Q: How does CD Players fit into the broader arts context of Cambridge?

Virginia: There are a lot of visual arts in town - pottery, painting, fiber arts, knitting, quilting. The Arts Council does art workshops and concerts in the park. But in terms of music, besides the bands they bring in, we’re kind of it. Judy is the director of the local women’s chorus and used to be the director of the men’s chorus. She’s sort of the person that keeps all the music going in town.

Deanne: What is art really? Art is painting, it’s pottery, it’s music, it’s drama, it’s theater. It's lots and lots of things. And so, our piece is the entertainment part, the music, the dancing, the theater portion of it. There’s nothing else here that has what we can offer.

Deanne: The last couple of years, we’ve been branching out into the haunted house and the dances and the singing in the park. We’re trying to open up CD Players. “Oh, they put on shows.” We do a lot more things.
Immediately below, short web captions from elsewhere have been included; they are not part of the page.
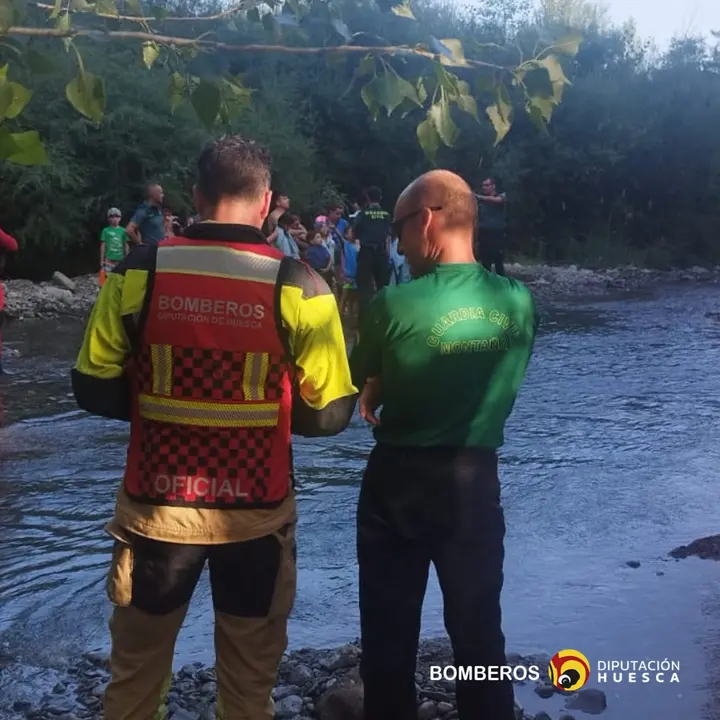 Bomberos de DPH tras el rescate de los menores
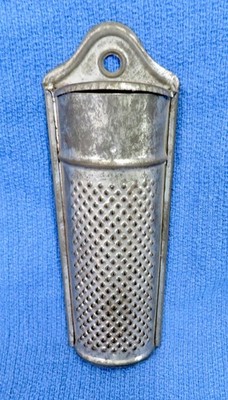 Vintage Nutmeg Spice Grater Zester Tin Metal Half Round Coffin w/lid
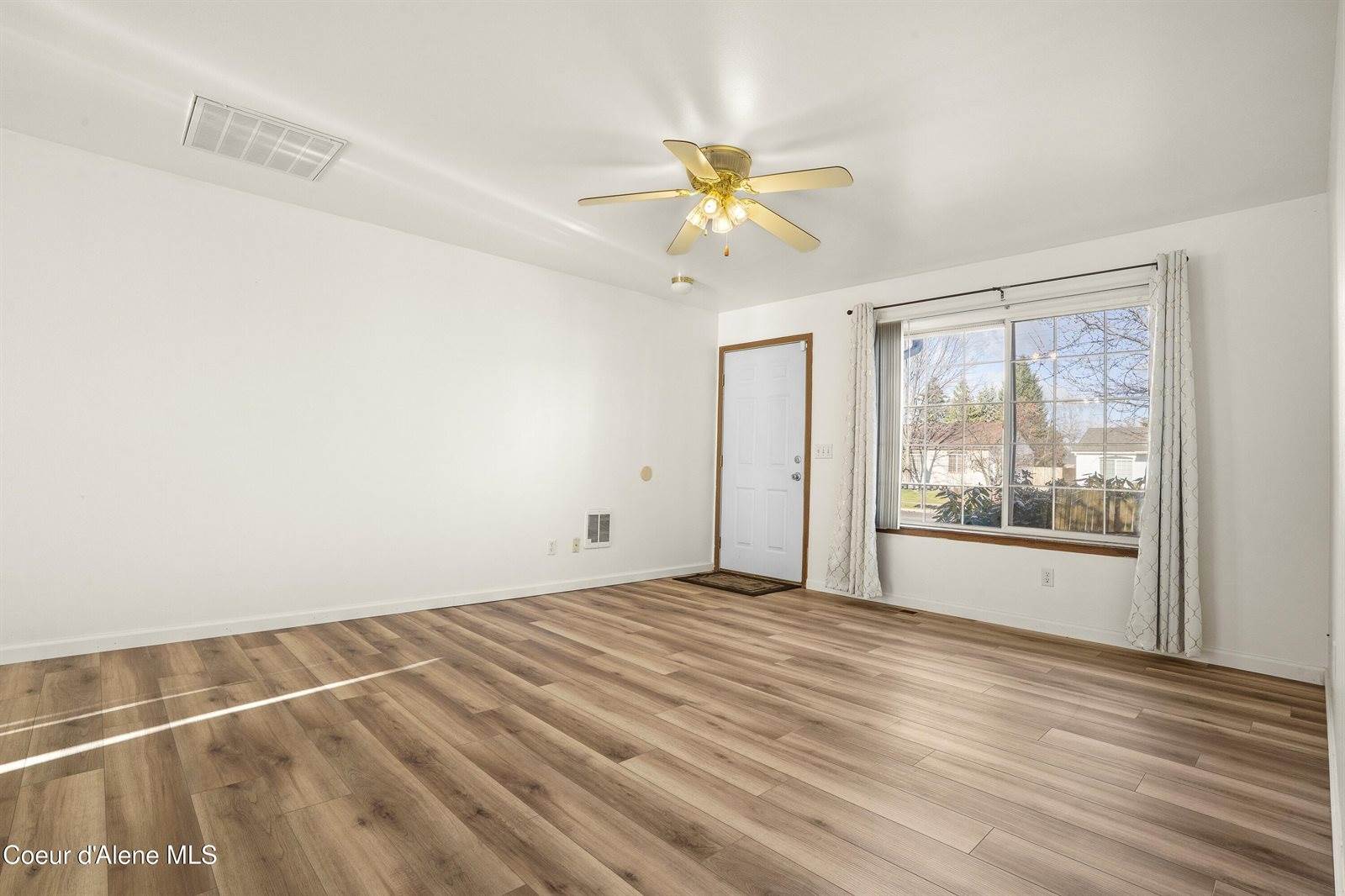 910 East Shasta Ave, Post Falls, ID 83854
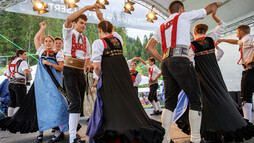 Trachtengruppe Kleinwalsertal bei der Alphornserenade | © Kleinwalsertal Tourismus eGen | Fotograf: Frank Drechsel Trachtengruppe Kleinwalsertal bei der Alphornserenade | © Kleinwalsertal Tourismus eGen | Fotograf: Frank Drechsel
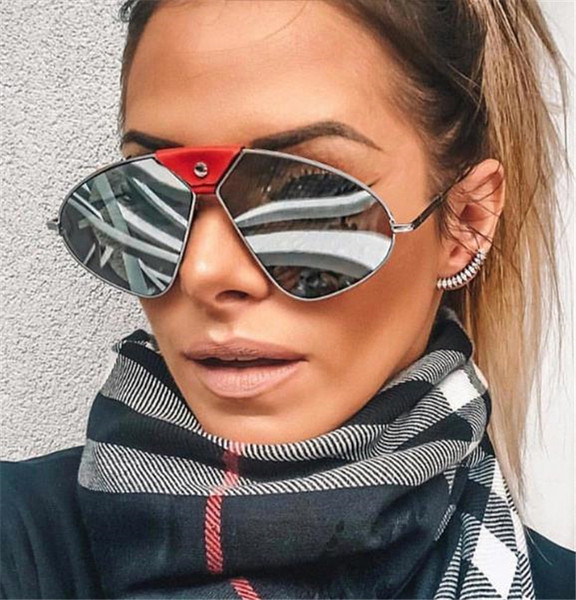 Napszemüveg többféle színben, férfiaknak és nőknek egyaránt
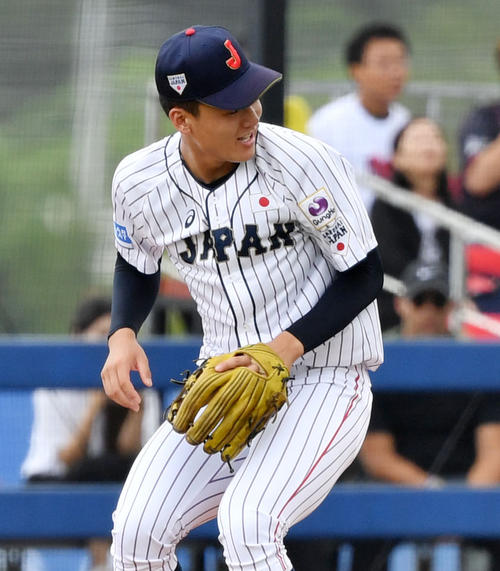 日本対オーストラリア　2回表オーストラリア無死満塁、レイの打球を後逸する石川（撮影・横山健太）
Q: What is your future vision for CD Players, including continued use of the historic school space?

Virginia: I think we’ve looked at, talked about, other venues. Right now, we’re working on a pretty small stage. If there were a fine arts center in town, that would be great.

Deanne: The gym, having the curved ceiling, has incredible acoustics and a wonderful small stage that we’ve been able to enhance and bring back to life. I think we’ve gotten very attached to the old girl. It’s got such a great history. In a perfect world, it would be great to have a brand new performing arts center with the staging and the lighting and the space. But for a small community, we’re very thankful to be able to lease the space. And we’ve made great use out of every inch of it.